A React context provider that supplies a scoped store instance to the component tree. When useStore() is called inside a StoreProvider, it returns the provided instance instead of the global singleton.

PropTypeDescription
ofStoreDefinitionThe store definition to provide for.
storeStoreInstance(optional) An existing store instance to provide. If omitted, one is auto-created.
initialStatePartial<State>(optional) Initial state override when auto-creating. Ignored if store is provided.
depsDeps(optional) Dependencies when auto-creating. Ignored if store is provided.
childrenReactNodeChild component tree.
import { StoreProvider } from '@hurum/react'

Example — providing an existing instance

Section titled “Example — providing an existing instance”
function App() {
const store = useMemo(() => CartStore.create({
deps: { repo: new CartRepo() },
}), [])
return (
<StoreProvider of={CartStore} store={store}>
<CartPage />
</StoreProvider>
)
}
function CartPage() {
// This reads from the scoped instance, not the singleton
const cart = useStore(CartStore)
const items = cart.use.items()
// ...
}
function App() {
return (
<StoreProvider of={CartStore}>
<CartPage />
</StoreProvider>
)
}
function App() {
return (
<StoreProvider of={CartStore} initialState={{ items: savedItems }} deps={{ repo: new CartRepo() }}>
<CartPage />
</StoreProvider>
)
}

StoreProvider does NOT auto-dispose the store on unmount. This is intentional for React Strict Mode compatibility. In development, Strict Mode mounts, unmounts, and remounts components. Auto-disposing on the first unmount would break the store.

Manage disposal yourself:

function App() {
const store = useMemo(() => CartStore.create(), [])
useEffect(() => {
return () => store.dispose()
}, [store])
return (
<StoreProvider of={CartStore} store={store}>
<CartPage />
</StoreProvider>
)
}

You can nest multiple providers for different stores, or the same store with different instances:

function App() {
const mainCart = useMemo(() => CartStore.create(), [])
const savedCart = useMemo(() => CartStore.create({
initialState: { items: savedItems },
}), [])
return (
<StoreProvider of={CartStore} store={mainCart}>
<MainPage />
<StoreProvider of={CartStore} store={savedCart}>
<SavedCartSidebar />
</StoreProvider>
</StoreProvider>
)
}

The nearest StoreProvider wins. SavedCartSidebar reads from savedCart, while MainPage reads from mainCart.

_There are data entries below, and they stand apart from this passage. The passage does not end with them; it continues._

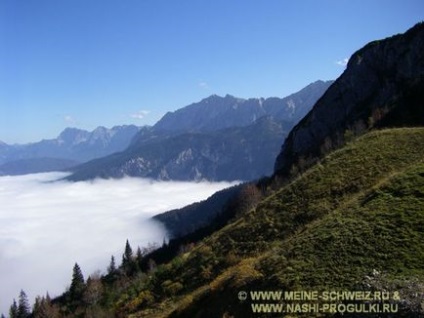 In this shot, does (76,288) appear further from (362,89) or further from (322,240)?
(322,240)

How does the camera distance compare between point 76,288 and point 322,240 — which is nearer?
point 322,240

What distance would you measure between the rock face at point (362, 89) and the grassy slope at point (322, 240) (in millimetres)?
82088

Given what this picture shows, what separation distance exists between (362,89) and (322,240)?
156m

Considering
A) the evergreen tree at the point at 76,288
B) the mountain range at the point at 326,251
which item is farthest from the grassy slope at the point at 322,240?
the evergreen tree at the point at 76,288

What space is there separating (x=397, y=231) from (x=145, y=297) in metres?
29.2

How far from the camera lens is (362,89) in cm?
17538

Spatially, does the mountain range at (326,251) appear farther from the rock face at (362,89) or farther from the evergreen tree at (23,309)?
the evergreen tree at (23,309)

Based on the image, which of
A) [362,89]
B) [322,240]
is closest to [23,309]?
[362,89]

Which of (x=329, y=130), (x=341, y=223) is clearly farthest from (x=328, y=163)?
(x=329, y=130)

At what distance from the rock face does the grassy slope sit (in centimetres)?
8209

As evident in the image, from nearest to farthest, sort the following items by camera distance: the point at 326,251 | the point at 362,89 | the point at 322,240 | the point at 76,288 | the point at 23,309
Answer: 1. the point at 326,251
2. the point at 322,240
3. the point at 76,288
4. the point at 362,89
5. the point at 23,309

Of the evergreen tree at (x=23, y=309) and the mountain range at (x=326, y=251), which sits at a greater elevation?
the mountain range at (x=326, y=251)

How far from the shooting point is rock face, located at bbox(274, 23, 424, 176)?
150125 mm

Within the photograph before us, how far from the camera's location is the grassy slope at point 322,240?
90.3 feet
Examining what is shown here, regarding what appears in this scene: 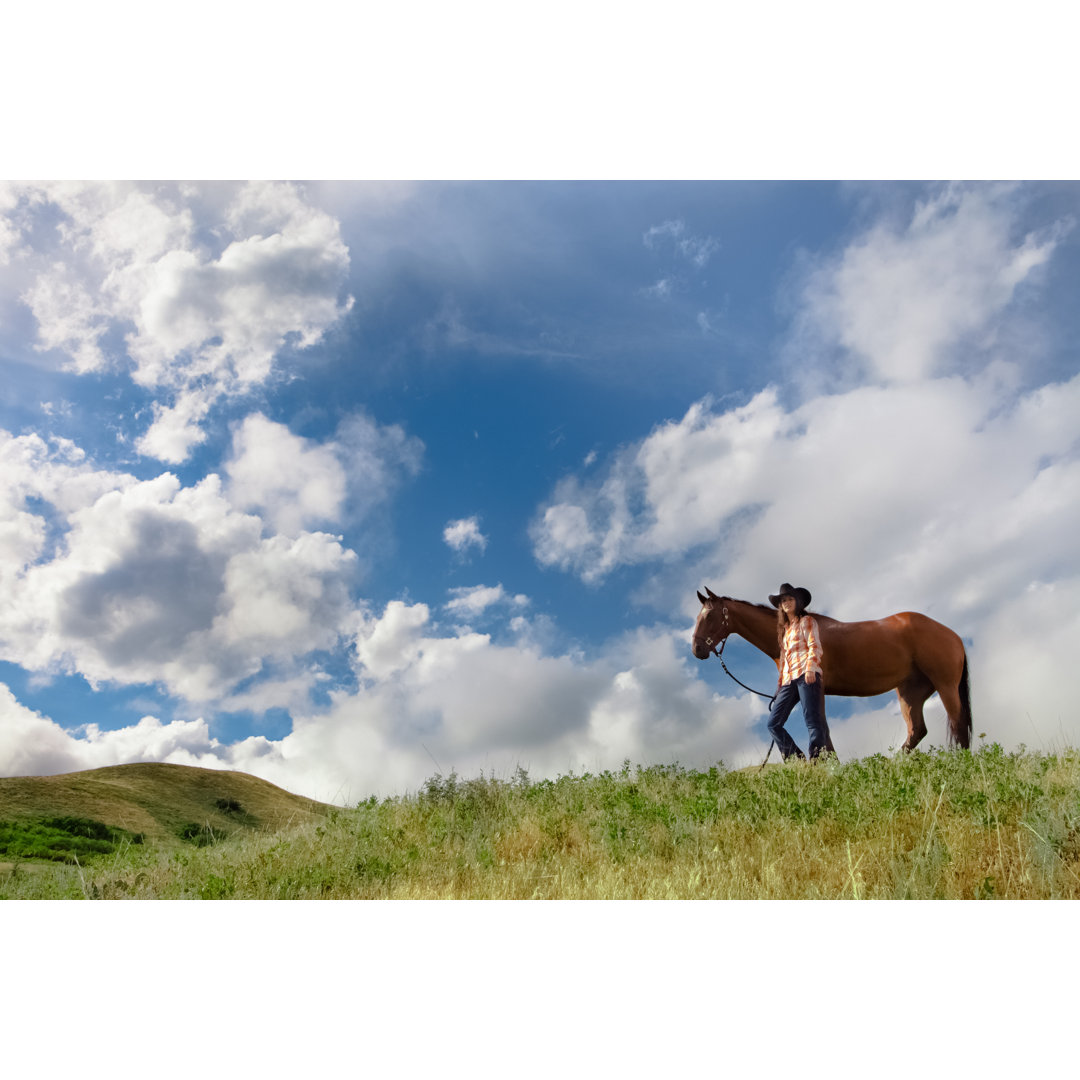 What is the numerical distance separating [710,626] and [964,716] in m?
4.12

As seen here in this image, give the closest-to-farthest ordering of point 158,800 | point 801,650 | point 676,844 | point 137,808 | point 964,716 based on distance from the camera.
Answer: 1. point 676,844
2. point 801,650
3. point 137,808
4. point 158,800
5. point 964,716

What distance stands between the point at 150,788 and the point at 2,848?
2069 millimetres

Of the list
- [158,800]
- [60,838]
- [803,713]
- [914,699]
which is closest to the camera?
[60,838]

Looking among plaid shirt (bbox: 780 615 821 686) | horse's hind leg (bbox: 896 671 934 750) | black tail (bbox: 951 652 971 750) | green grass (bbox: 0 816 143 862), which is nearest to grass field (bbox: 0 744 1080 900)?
green grass (bbox: 0 816 143 862)

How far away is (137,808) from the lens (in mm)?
10047

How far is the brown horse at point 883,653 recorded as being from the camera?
1054 cm

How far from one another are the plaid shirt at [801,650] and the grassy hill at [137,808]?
6.53 metres

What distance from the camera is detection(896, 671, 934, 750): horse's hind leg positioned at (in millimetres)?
11117

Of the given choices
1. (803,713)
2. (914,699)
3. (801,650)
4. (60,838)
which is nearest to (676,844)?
(803,713)

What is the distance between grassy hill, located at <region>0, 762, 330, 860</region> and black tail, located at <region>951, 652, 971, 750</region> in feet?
29.9

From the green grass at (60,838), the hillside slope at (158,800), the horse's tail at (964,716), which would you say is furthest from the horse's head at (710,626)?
the green grass at (60,838)

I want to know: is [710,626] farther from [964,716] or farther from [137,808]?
[137,808]

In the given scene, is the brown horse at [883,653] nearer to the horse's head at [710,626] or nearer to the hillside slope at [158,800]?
the horse's head at [710,626] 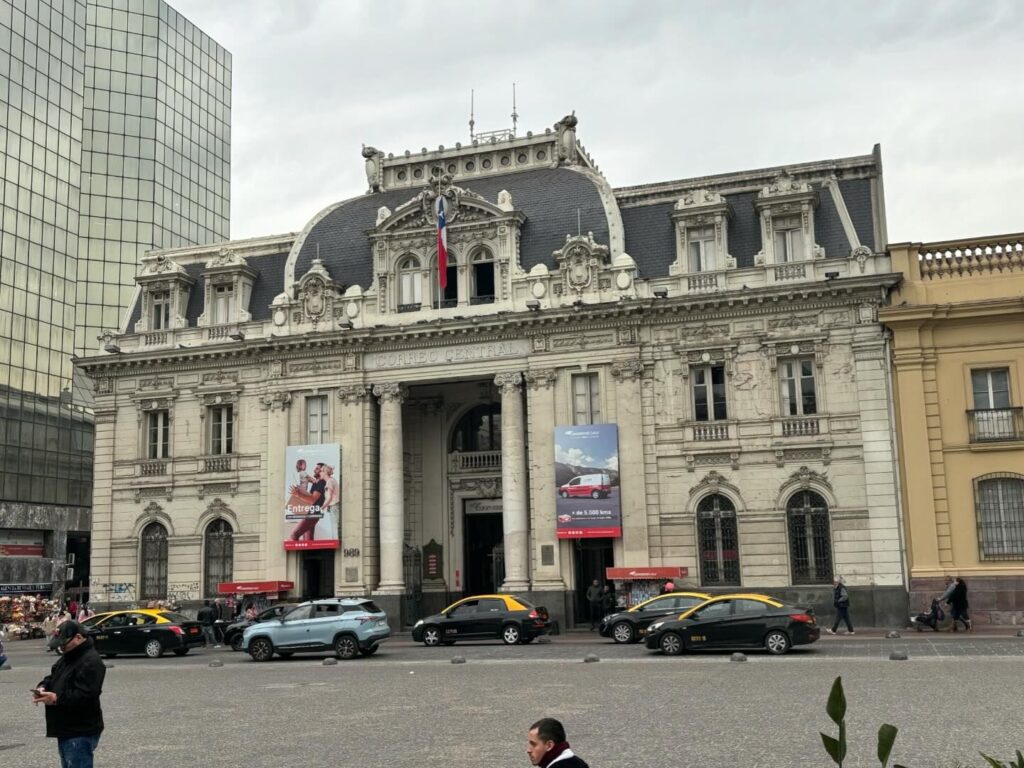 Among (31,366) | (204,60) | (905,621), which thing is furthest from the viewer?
(204,60)

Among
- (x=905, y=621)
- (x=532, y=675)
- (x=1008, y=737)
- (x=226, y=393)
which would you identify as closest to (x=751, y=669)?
(x=532, y=675)

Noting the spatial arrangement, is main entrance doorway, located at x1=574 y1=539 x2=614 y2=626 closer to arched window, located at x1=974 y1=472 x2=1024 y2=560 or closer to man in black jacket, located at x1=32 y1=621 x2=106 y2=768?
arched window, located at x1=974 y1=472 x2=1024 y2=560

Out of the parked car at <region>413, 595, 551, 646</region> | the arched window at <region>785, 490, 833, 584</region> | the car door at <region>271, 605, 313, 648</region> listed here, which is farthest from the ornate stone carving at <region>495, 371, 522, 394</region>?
the car door at <region>271, 605, 313, 648</region>

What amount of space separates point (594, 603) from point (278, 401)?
14.3 meters

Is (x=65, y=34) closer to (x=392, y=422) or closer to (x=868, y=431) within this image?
(x=392, y=422)

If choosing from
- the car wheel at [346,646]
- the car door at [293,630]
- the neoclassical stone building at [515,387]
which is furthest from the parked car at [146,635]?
the neoclassical stone building at [515,387]

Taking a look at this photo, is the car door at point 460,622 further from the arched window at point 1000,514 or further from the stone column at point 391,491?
the arched window at point 1000,514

  • StoreProvider uses React context under the hood. Each StoreDefinition gets its own context, so providers for different stores do not interfere.
  • When providing an existing store instance via store, it must be created before rendering. Use useMemo or useState to avoid creating a new instance on every render.
  • For simple cases where you always want a fresh store instance, use withProvider instead.